31 lines (17 loc) · 2.84 KB

Cure Product

This repository contains files used to generate material for the BACK UP sections of the book of poems, CURE PRODUCT. It's also here to document the basic process I followed, though I ended up at this process only after a lot of experimentation.

Basic Process

  1. I ran count_occurences.py on source.txt to create source_occurences_words.txt, which contains a dictionary counting the occurence of each unique word in source.txt.

  2. I converted the dictionary in source_occurences_words.txt into a list of unique words without their counts and saved it as source_unique_words.py.

    Note: Although this file now matches the words in source_occurences_words.txt, when I used it in step 3, I stripped away words that occurred more than something like 100 times. I can't remember exactly.

  3. I ran regex_couplets.py on source.txt.

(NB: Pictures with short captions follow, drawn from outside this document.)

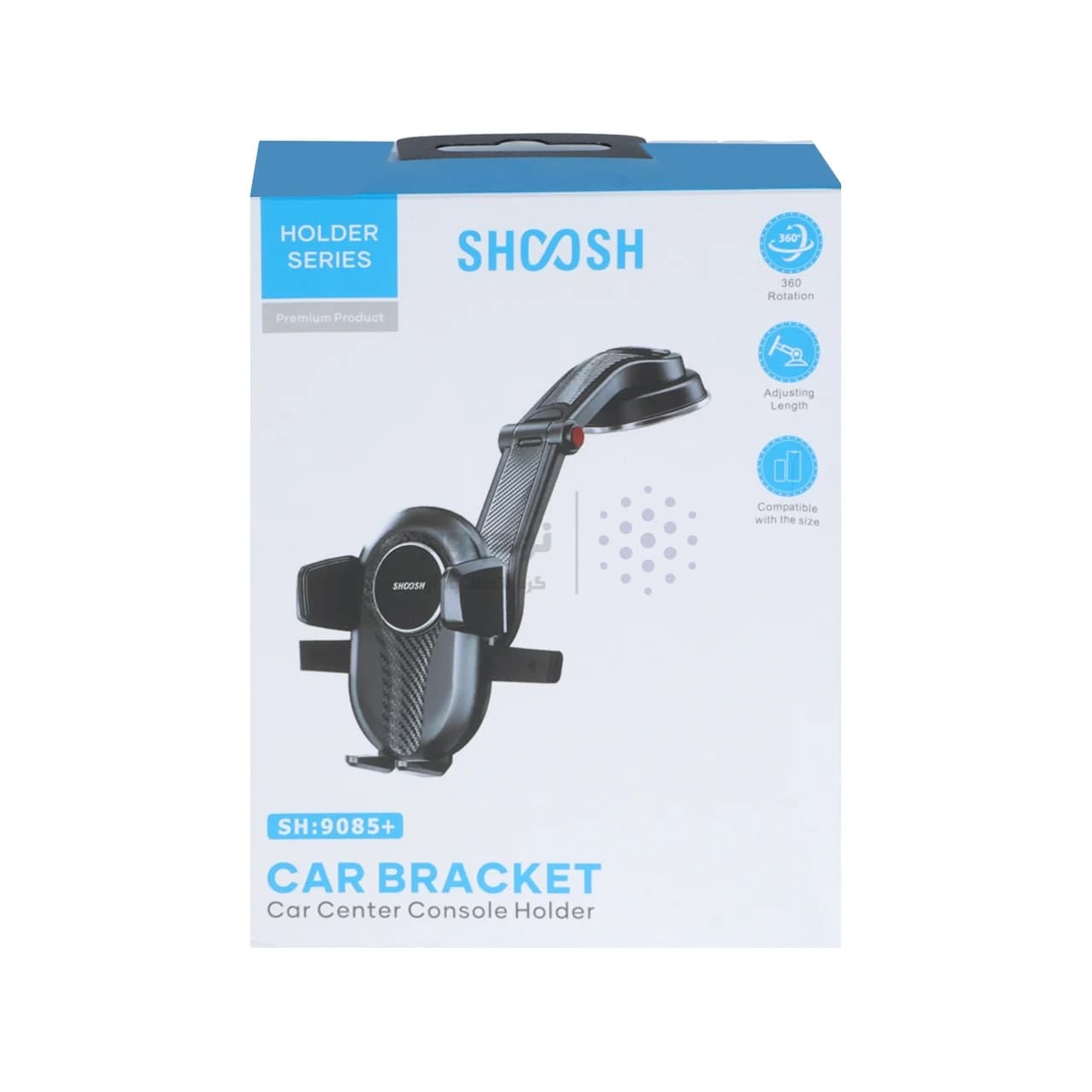 هولدر گوشی موبایل پایه دار Shoosh مدل +SH9085 – مشکی – SMO — تصویر ۵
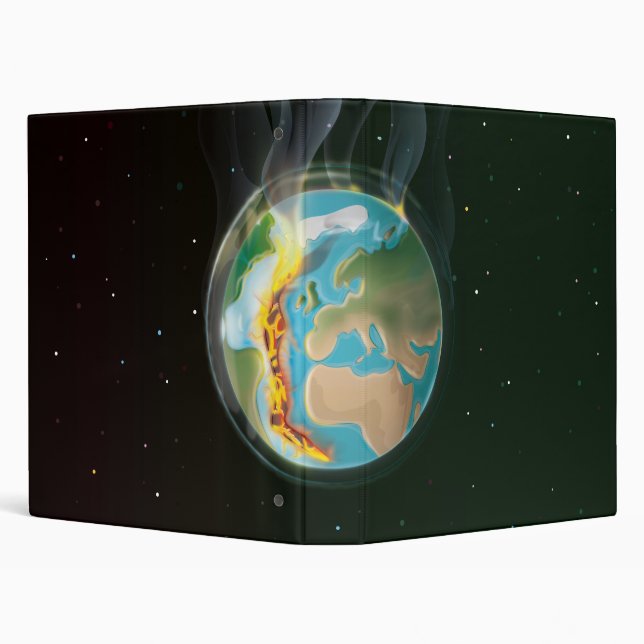 Planet Earth Tectonic Plates Binder (Background)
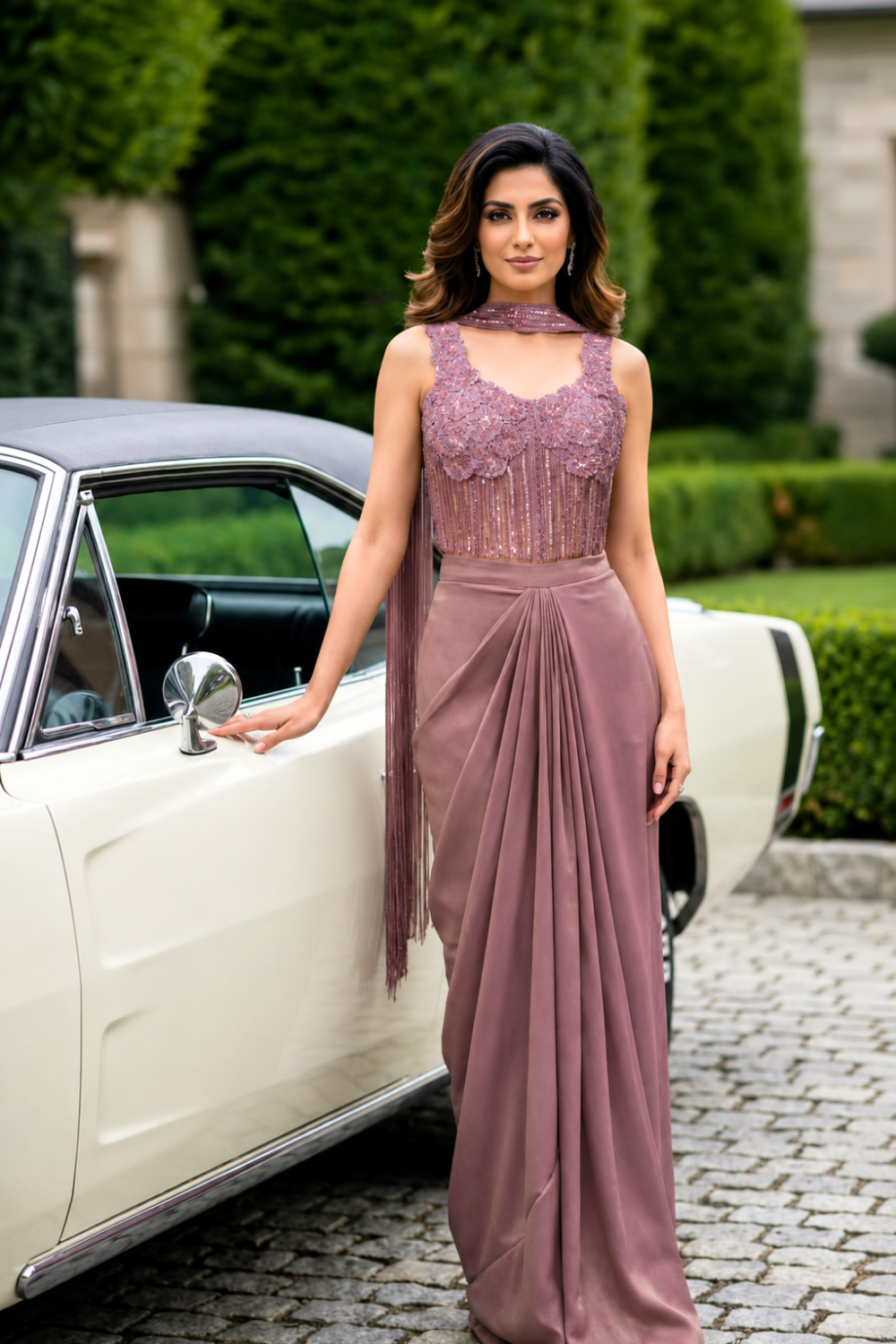 mauve-color-indo-western-fusion-wear_-corset-style-blouse-and-draped-skirt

    Essentially, this script iterated through each unique combination of words in source_unique_words.py ("A" and "above", then "A" and "accounting", etc.), using a regular expression search to identify lines containing these sequence of characters (as words or a parts of words) and writing those lines to a new file in the /regex_couplets directory. Given the many unique combinations of words in source_unique_words.py, this process took awhile.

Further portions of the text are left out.